Exact copy, no pictures: reproduce every record below as it stands.

[Dataset items]
☆ ☆ ☆ ☆

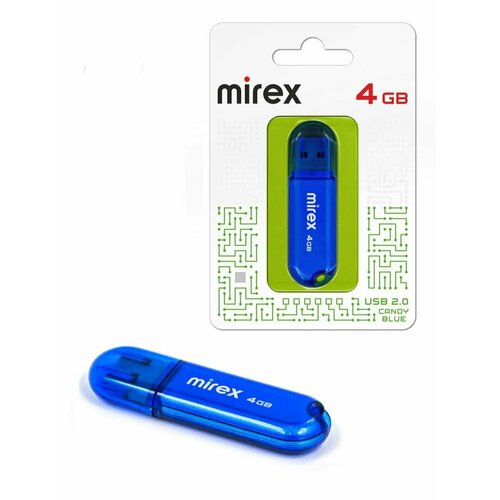 Флешка USB Flash Drive MIREX CANDY BLUE 4GB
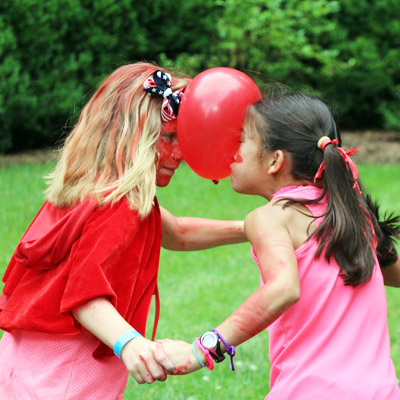 baloon relay game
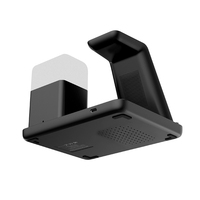 Lámpara Magnética LED Negra para Teléfono Móvil, Soporte Magnético 6 en 1, Cargador Inalámbrico para iPhone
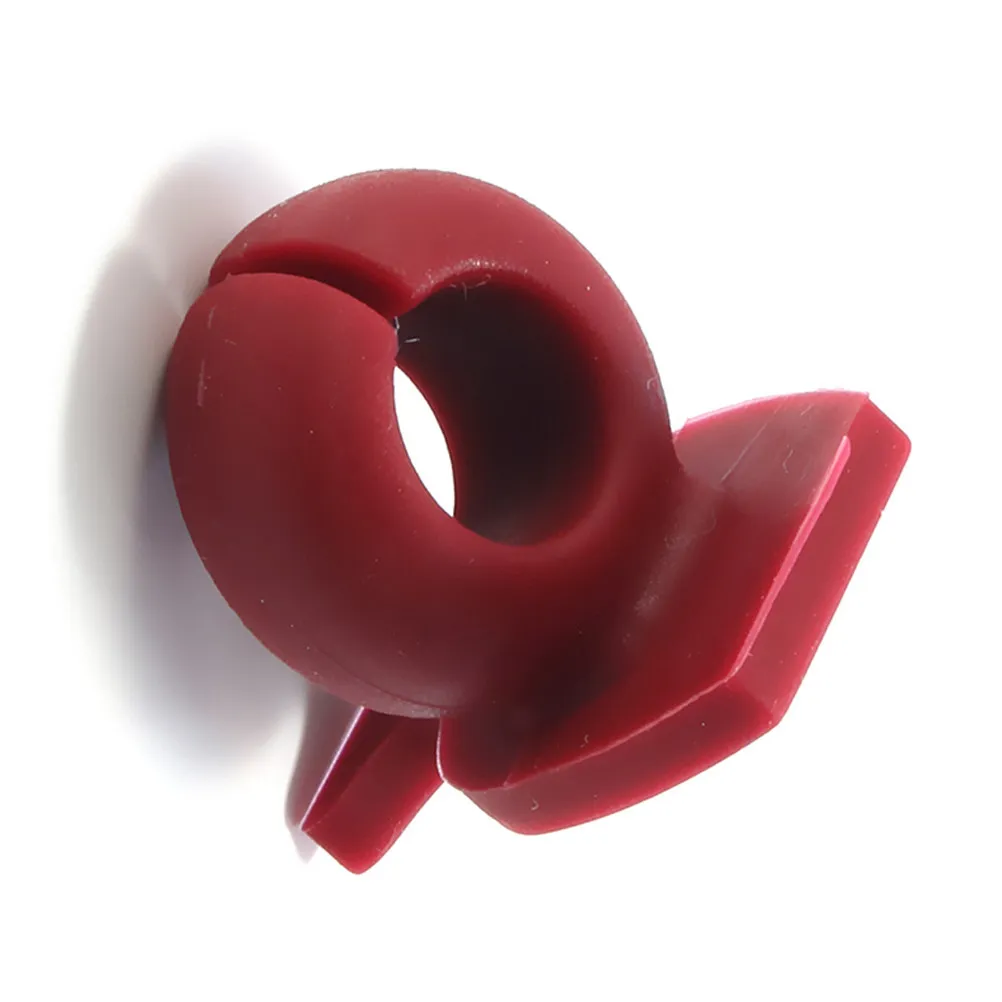 

8Pcs Silicone Wine Glass Marker Mixed Colors Creative Glass Shape Drinking Cup Identifier Party Label Unique Drink Tag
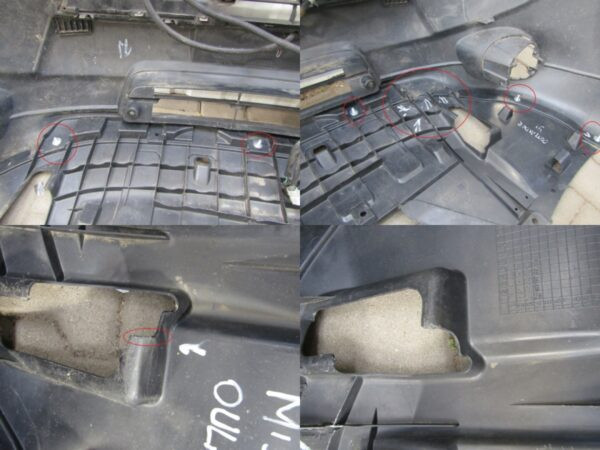 Bumper Mitsubishi Outlander 3 III 12-15 6400D558ZZ Voorbumper PJ363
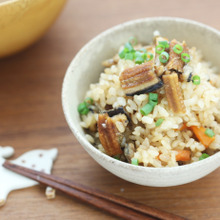 節約レシピ*うなぎが食べたい時の穴子の炊き込みご飯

☆ ☆ ☆ ☆

## [ANSWER FOR THE TASK]
 Флешка USB Flash Drive MIREX CANDY BLUE 4GB
 baloon relay game
 Lámpara Magnética LED Negra para Teléfono Móvil, Soporte Magnético 6 en 1, Cargador Inalámbrico para iPhone

8Pcs Silicone Wine Glass Marker Mixed Colors Creative Glass Shape Drinking Cup Identifier Party Label Unique Drink Tag
 Bumper Mitsubishi Outlander 3 III 12-15 6400D558ZZ Voorbumper PJ363
 節約レシピ*うなぎが食べたい時の穴子の炊き込みご飯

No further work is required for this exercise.